Since a copy constructor can be invoked by constructing with another object of the same type as the argument or by assignment, I was wondering if was possible to separate the two.
I tried making 2 variations (where the only difference was the line of code used to copy the object) and generating assembly for both, but the assembly output was exactly the same, which leads me to believe that it's not possible to differentiate them, unless it is just 'optimised out'.

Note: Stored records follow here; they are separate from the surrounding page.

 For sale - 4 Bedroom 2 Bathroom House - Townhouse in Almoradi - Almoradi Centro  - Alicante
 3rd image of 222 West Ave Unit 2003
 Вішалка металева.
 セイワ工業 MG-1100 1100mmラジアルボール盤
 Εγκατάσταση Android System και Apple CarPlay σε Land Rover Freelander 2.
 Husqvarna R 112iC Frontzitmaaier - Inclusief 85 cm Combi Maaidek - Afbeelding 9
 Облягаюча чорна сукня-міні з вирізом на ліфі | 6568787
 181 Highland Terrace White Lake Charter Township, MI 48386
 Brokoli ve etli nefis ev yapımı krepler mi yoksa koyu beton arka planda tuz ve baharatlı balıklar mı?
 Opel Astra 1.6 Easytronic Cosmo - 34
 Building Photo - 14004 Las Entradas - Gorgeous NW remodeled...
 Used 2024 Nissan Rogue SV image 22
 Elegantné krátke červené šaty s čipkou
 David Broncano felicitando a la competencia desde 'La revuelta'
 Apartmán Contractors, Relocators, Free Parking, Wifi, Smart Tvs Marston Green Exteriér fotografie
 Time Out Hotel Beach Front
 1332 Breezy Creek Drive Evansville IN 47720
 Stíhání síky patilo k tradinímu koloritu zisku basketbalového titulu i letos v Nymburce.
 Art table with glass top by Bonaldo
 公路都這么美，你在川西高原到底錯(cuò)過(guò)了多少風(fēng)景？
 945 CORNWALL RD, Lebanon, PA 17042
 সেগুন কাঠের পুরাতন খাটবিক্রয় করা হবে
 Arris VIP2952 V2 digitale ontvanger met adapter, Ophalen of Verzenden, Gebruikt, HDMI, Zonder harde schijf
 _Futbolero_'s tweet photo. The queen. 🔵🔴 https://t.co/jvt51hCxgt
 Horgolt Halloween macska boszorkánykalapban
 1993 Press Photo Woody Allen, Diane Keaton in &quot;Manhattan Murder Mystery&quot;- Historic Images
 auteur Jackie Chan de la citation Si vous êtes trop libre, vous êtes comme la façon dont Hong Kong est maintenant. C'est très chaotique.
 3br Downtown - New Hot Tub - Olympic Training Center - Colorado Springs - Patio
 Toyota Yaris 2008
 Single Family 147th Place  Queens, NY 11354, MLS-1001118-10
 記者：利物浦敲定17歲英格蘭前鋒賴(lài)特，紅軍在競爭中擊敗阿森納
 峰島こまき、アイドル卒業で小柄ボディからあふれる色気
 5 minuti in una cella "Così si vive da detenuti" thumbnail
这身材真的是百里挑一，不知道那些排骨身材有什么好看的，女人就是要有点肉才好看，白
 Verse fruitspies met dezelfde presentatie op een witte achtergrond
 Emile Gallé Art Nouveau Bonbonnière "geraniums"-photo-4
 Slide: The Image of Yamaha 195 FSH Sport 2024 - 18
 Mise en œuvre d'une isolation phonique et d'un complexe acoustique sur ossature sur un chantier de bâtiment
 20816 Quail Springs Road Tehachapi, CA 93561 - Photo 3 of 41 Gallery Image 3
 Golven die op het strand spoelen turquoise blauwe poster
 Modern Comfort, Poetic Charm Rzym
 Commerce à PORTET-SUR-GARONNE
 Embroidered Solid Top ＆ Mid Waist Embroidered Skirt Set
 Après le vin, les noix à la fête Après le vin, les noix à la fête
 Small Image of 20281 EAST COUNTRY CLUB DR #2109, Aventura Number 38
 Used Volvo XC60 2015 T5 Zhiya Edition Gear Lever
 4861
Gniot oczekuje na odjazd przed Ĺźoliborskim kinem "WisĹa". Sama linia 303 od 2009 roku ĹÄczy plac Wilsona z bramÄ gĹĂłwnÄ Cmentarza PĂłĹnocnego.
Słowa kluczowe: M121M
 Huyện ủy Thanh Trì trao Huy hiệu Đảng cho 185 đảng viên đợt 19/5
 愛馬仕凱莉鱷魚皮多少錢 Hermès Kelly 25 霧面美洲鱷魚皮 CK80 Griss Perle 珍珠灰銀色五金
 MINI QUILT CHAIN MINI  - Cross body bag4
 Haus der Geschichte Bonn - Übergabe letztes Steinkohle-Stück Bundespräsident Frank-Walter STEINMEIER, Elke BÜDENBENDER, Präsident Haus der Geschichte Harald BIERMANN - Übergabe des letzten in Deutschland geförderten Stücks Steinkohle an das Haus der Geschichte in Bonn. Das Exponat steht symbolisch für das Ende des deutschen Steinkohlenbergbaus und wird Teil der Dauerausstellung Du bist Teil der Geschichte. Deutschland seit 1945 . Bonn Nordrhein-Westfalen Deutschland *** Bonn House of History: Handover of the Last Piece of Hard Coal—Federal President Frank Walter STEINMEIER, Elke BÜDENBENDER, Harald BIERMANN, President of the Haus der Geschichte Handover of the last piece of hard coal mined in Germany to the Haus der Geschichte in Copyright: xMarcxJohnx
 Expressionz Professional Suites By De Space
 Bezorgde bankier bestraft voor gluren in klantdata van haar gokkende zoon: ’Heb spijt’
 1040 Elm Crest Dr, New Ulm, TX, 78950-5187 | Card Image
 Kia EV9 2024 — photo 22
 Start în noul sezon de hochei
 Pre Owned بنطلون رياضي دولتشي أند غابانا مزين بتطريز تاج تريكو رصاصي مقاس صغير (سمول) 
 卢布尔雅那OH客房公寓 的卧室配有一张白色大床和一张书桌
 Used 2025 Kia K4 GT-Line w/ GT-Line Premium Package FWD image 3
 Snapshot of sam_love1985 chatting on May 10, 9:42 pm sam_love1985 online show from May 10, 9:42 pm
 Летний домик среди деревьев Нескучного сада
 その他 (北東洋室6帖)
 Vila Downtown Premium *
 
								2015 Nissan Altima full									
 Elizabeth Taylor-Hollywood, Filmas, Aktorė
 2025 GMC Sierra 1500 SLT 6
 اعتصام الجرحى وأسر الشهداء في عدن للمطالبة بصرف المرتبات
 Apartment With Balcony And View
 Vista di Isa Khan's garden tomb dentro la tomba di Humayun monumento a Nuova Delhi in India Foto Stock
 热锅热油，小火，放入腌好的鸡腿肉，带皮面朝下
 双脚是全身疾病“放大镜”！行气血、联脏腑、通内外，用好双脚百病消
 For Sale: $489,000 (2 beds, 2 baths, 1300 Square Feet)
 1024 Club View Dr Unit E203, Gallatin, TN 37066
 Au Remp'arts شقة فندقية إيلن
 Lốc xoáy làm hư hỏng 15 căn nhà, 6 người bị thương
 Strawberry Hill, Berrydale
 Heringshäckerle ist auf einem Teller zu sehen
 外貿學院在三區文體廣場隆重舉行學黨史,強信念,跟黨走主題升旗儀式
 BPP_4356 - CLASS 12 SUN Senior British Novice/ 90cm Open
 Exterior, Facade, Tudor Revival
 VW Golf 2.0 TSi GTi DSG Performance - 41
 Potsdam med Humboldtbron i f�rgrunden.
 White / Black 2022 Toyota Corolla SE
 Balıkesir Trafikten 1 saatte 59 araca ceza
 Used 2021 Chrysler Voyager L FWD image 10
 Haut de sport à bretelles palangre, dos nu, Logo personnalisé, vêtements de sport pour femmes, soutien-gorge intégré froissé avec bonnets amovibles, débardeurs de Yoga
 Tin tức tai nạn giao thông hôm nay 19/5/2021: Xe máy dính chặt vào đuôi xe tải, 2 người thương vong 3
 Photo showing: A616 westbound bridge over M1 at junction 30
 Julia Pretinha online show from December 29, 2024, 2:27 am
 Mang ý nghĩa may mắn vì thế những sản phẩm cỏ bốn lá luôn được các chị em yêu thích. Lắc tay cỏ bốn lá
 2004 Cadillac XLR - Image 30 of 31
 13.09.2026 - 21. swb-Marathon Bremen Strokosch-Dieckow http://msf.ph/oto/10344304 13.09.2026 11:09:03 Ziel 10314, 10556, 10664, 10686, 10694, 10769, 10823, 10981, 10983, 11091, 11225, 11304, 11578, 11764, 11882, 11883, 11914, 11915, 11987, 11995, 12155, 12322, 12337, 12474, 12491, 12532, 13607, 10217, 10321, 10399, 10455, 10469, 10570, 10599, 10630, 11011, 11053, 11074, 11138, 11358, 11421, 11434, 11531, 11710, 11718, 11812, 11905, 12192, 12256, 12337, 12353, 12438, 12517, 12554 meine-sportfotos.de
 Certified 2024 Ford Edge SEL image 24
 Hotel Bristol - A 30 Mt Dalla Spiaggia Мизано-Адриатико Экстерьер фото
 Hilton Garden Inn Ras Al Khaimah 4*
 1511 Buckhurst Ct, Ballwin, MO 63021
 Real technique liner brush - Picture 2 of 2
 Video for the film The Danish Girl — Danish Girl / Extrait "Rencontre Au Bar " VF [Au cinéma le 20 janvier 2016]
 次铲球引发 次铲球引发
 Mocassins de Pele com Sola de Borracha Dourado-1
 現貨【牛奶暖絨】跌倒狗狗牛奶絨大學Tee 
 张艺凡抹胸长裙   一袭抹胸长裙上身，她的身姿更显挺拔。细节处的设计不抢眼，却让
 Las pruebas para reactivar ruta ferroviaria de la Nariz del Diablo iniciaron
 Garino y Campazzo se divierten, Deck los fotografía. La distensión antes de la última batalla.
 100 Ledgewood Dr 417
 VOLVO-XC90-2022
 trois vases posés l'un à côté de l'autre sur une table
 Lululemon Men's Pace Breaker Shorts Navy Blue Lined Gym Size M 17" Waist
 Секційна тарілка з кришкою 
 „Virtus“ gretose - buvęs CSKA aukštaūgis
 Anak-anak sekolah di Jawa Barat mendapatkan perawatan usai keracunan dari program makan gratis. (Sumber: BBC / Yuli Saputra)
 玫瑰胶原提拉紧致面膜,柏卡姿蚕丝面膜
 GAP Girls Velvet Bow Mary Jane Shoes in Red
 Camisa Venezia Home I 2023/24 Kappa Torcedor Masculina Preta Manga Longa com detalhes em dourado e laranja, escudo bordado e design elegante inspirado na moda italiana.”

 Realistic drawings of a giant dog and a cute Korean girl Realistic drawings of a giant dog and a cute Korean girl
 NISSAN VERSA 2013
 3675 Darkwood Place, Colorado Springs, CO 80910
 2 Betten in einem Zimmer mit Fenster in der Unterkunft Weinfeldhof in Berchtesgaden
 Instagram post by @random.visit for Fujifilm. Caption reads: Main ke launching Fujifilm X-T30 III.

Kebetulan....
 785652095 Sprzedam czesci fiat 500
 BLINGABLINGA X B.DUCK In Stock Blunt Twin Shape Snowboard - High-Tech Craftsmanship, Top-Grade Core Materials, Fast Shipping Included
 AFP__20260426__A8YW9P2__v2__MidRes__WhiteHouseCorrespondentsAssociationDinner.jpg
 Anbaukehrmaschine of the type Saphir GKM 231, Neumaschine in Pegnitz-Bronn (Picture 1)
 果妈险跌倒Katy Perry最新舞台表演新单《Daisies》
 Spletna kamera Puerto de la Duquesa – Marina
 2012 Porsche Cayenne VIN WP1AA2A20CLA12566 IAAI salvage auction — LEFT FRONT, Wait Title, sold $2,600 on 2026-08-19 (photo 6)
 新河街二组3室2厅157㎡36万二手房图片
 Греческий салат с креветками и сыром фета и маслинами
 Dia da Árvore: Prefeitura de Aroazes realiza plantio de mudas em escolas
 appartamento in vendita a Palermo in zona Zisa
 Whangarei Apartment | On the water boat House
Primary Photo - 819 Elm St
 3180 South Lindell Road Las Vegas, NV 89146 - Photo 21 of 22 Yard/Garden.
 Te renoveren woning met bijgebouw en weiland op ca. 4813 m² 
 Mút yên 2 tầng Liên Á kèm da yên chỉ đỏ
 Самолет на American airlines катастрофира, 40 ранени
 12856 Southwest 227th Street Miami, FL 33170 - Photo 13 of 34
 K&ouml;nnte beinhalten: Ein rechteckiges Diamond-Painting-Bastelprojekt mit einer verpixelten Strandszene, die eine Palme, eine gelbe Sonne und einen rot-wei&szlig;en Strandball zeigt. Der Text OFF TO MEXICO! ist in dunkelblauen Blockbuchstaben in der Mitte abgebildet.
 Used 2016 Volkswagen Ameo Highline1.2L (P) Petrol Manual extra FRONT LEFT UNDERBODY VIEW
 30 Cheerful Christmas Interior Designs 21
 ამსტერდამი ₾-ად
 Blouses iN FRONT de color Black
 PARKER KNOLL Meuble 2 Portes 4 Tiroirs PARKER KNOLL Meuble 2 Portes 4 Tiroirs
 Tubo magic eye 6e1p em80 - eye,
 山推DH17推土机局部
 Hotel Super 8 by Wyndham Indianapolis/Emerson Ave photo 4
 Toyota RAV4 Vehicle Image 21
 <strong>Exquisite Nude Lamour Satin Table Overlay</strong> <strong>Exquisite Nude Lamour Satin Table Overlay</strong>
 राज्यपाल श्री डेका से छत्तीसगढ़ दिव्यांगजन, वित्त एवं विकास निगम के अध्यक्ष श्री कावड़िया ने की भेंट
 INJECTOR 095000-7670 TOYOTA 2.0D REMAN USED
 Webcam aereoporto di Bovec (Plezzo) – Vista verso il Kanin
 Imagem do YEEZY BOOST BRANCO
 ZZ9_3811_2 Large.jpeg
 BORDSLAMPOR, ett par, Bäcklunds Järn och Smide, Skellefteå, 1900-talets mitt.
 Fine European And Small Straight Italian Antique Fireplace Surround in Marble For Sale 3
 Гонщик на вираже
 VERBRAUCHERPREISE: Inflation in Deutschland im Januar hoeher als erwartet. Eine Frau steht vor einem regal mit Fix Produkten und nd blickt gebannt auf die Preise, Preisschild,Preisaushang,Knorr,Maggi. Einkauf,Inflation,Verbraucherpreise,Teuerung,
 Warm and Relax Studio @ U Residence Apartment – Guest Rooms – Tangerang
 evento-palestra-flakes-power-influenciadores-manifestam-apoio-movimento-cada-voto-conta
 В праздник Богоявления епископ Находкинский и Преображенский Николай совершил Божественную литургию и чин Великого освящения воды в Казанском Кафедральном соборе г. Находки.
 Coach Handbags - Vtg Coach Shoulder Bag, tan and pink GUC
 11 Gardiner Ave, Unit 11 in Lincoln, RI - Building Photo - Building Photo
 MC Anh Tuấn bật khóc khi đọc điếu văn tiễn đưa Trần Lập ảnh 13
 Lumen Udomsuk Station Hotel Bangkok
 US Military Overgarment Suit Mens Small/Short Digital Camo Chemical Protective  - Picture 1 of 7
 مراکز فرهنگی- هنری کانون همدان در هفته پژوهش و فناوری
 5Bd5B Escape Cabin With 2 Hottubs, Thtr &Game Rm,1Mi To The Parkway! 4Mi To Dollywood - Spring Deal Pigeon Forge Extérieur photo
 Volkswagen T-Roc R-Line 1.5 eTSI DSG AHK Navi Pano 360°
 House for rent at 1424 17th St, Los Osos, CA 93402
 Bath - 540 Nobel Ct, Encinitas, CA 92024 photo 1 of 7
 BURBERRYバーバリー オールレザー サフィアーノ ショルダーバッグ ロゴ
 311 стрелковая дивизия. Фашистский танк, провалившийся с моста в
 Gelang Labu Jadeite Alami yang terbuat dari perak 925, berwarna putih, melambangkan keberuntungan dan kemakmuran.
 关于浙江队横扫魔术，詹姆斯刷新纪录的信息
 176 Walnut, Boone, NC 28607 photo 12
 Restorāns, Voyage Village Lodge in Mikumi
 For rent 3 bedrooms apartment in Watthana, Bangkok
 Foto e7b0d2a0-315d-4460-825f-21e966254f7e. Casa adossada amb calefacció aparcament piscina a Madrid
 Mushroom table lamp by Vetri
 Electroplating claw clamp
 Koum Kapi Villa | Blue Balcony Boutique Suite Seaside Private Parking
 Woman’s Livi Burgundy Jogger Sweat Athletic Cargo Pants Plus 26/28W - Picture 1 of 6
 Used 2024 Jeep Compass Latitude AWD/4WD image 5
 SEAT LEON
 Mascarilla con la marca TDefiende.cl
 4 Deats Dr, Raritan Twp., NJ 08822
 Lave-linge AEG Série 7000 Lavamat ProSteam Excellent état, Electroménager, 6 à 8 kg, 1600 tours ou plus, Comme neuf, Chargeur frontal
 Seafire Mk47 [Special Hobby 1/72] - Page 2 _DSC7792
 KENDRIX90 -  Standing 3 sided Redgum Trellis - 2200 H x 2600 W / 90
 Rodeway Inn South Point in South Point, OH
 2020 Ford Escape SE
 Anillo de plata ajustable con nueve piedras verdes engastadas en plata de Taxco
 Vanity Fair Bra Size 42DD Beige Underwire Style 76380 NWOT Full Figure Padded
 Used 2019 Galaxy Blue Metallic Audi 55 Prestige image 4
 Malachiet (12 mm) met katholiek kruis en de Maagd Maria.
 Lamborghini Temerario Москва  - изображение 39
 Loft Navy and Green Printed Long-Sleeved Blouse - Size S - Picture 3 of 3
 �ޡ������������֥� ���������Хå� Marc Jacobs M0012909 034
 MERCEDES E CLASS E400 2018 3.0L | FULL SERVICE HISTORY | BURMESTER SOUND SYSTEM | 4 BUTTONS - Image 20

Can I have 2 different copy constructors, one for Thing thing2(thing1) and one for Thing thing2 = thing1?
#include <iostream>
class Thing {
public:
Thing() {
}
Thing(const Thing& from) {
std::cout << "Copy constructor\n";
}
};
int main()
{
Thing thing1;
Thing thing2(thing1); // This line is identical
Thing thing3 = thing1; // to this one
return 0;
}
Yes, in your particular example, you can distinguish between the 2 versions like this:
class Thing {
public:
Thing() {
}
explicit Thing(Thing& from) {
std::cout << "Constructor One\n";
}
Thing(Thing const&) {
std::cout << "Constructor Two\n";
}
};
and now the initializations will call different constructors:
int main()
{
Thing thing1;
Thing thing2(thing1); // Constructor One
Thing thing3 = thing1; // Constructor Two
return 0;
}
Here's a demo.
Note that this only works for your example because thing1 is non-const. If it's const, then both initialization versions will call the 2nd constructor.